* _YOUR ASSIGNMENT_: After locating the line that holds "Hey it's Brian, this", copy that line and all that follow it word for word through the end of the data, with no pictures.

* _DATA EXTRACT_:

********

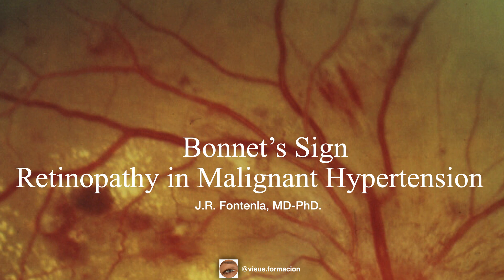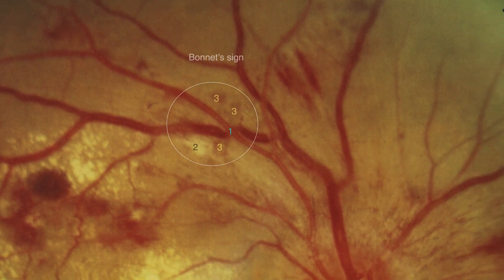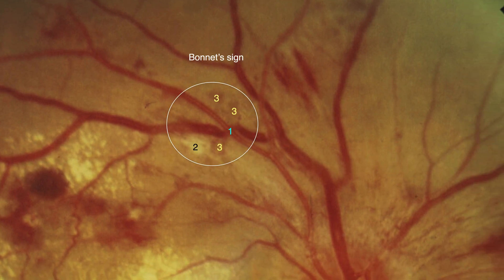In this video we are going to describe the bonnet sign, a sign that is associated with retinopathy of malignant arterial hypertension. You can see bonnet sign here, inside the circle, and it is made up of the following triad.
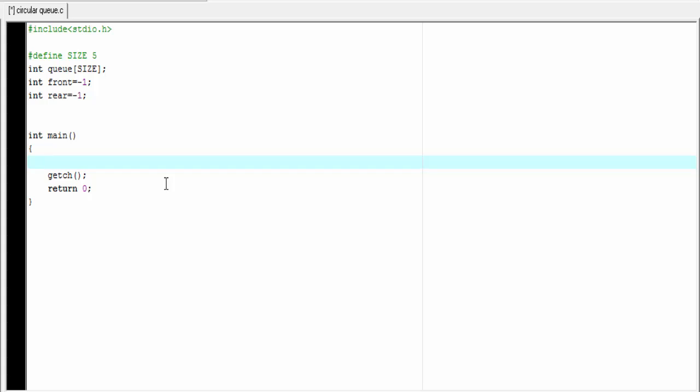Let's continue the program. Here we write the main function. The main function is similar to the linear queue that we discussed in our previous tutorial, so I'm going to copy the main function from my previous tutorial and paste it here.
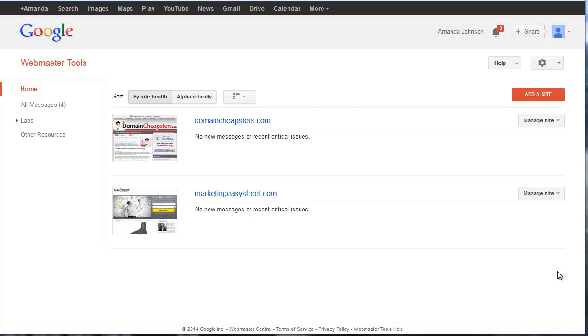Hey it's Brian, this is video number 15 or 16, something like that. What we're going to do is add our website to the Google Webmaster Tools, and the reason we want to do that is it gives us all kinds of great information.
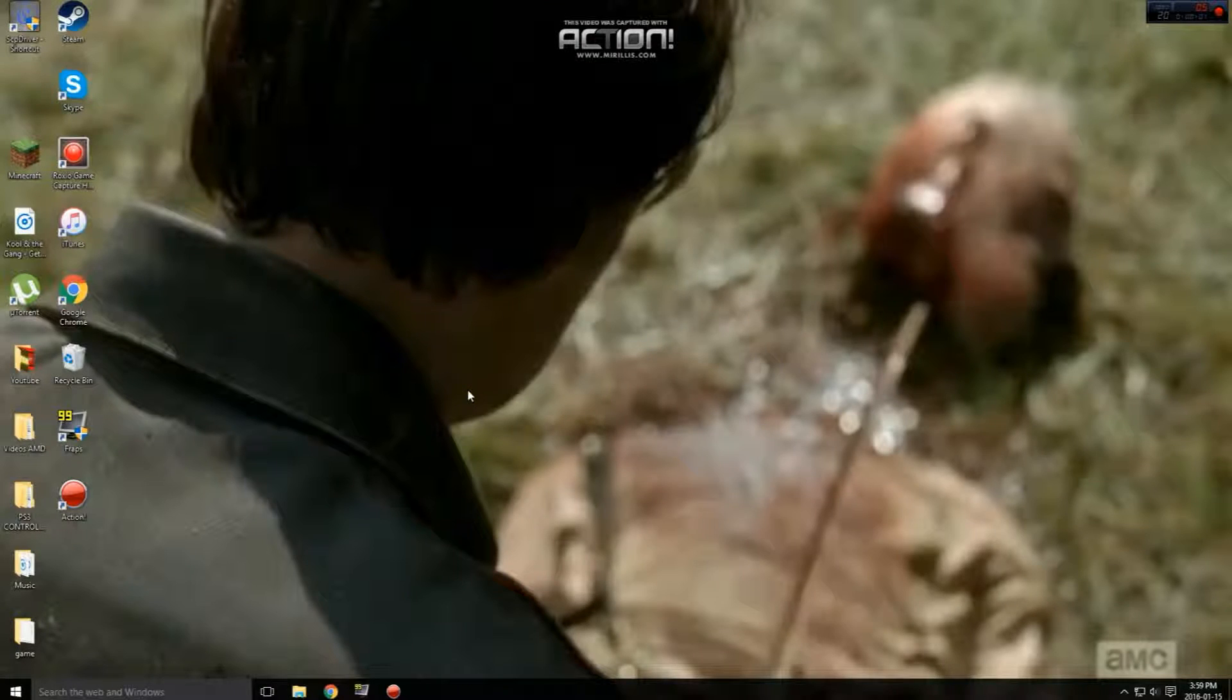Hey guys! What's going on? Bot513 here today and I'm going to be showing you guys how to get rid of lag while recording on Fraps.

********

* _OUTPUT FOR THIS EXERCISE_:
Hey it's Brian, this is video number 15 or 16, something like that. What we're going to do is add our website to the Google Webmaster Tools, and the reason we want to do that is it gives us all kinds of great information.
Hey guys! What's going on? Bot513 here today and I'm going to be showing you guys how to get rid of lag while recording on Fraps.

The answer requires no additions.